Potawatomi Trail of Death

  • The Treaty at Fort Meig

    The government adopted the policy of making special reservations for Indian chiefs who refused to join the tribes that were selling land. It caused them to make special reservations for the Indians, which they later took away.
  • Indian Removal Act

    Congress created the Indian Removal Act and Andrew Jackson signed it. The law authorized the president to negotiate with southern Indian tribes for their removal to federal territory west of the Mississippi River in exchange for their ancestral homelands.
  • Negotiations

    Negotiations with various Potawatomi bands began in 1832 to move them from their homelands in Indiana to lands in Kansas. While many of them complied over the next several years, Chief Menominee and his band at Twin Lakes, Indiana, refused to sign the treaties.
  • The Last of the Land

    The Indiana Potawatomi signed nine treaties in 1836, and these treaties gave the U.S. federal government the last remaining land that the Potawatomi owned. The U.S. paid them $1 an acre, and gave them two years to move west. Chief Menominee did not know about these treaties, and was outraged. He even went as far as to accuse the soldiers of getting the young chiefs drunk. He then refused to move, but eventually was forced.
  • Gunpoint: The Start

    On August 30th, General Tipton, along with 100 soldiers, arrived at the Twin Lakes Village and began to round up the tribe, burning their crops and homes to discourage them from trying to return.
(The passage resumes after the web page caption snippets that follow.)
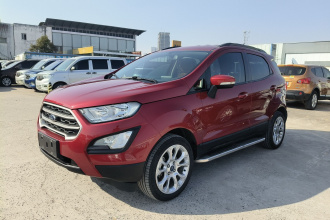 福特 翼搏 2018款 1.5L 自动铂翼型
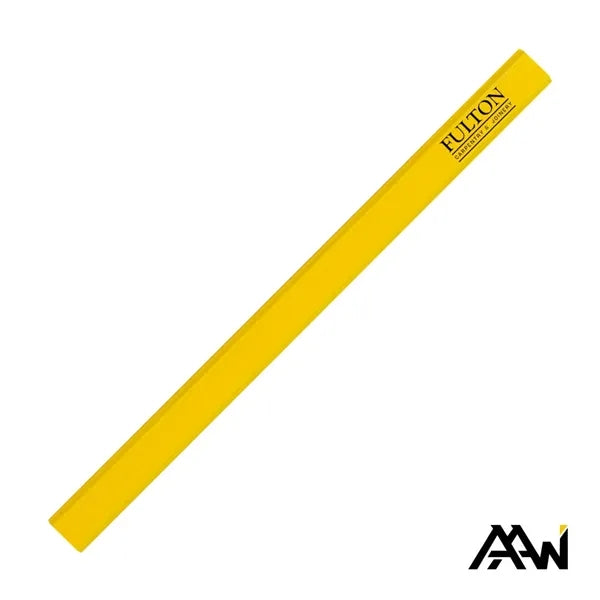 Master Custom Carpenter Pencil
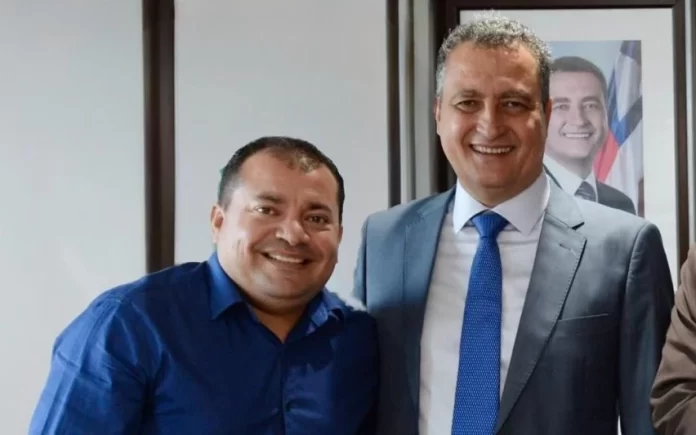 Deputado Cafu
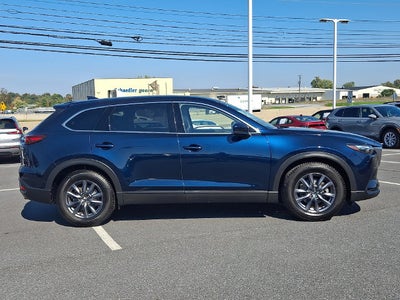 2020 Mazda Mazda CX-9 Touring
Five days later, on September 4th, the march began with more than 850 Indians and a caravan of 26 wagons to help transport their goods.
  • Disaster in the Making

    When they arrived at Osawatomie, Kansas, on November 4, 1838, some of the Potawatomi had died. Making things a lot wore, winter was coming and the houses that the government had promised were not there.
  • Letter About the March

    Father Petit wrote a letter to Bishop Simon Brute, Vincennes, Indiana, describing the march: "The order of march was as follows: the United States flag, carried by a dragoon; then one of the principal officers, next the staff baggage carts, then the carriage, which during the whole trip was kept for the use of the Indian chiefs, then one or two chiefs on horseback led a line of 250 to 300 horses ridden by men, women, children in single file, after the manner of savages.
  • New Establishments

    Three years after their arrival, Mother Rose Philippine Duchesne came to the mission in 1841, where she taught school to the young members of the tribe. She established the first Indian school for girls west of the Mississippi River.
  • More Moving

    In 1848 they moved further west to St Marys, Kansas, close to the Prairie Band Potawatomi Reservation at Mayetta, Kansas. During their years at the mission, more than 600 of the Potawatomi died.
  • Cruelties Recognized

    The Potawatomi Trail of Death has been declared a Regional Historic Trail, and since 1988 a commemorative caravan follows the same trail every five years, starting at the Chief Menominee statue south of Plymouth, Indiana and ending at the St. Philippine Duchesne Memorial Park near Centerville, Kansas.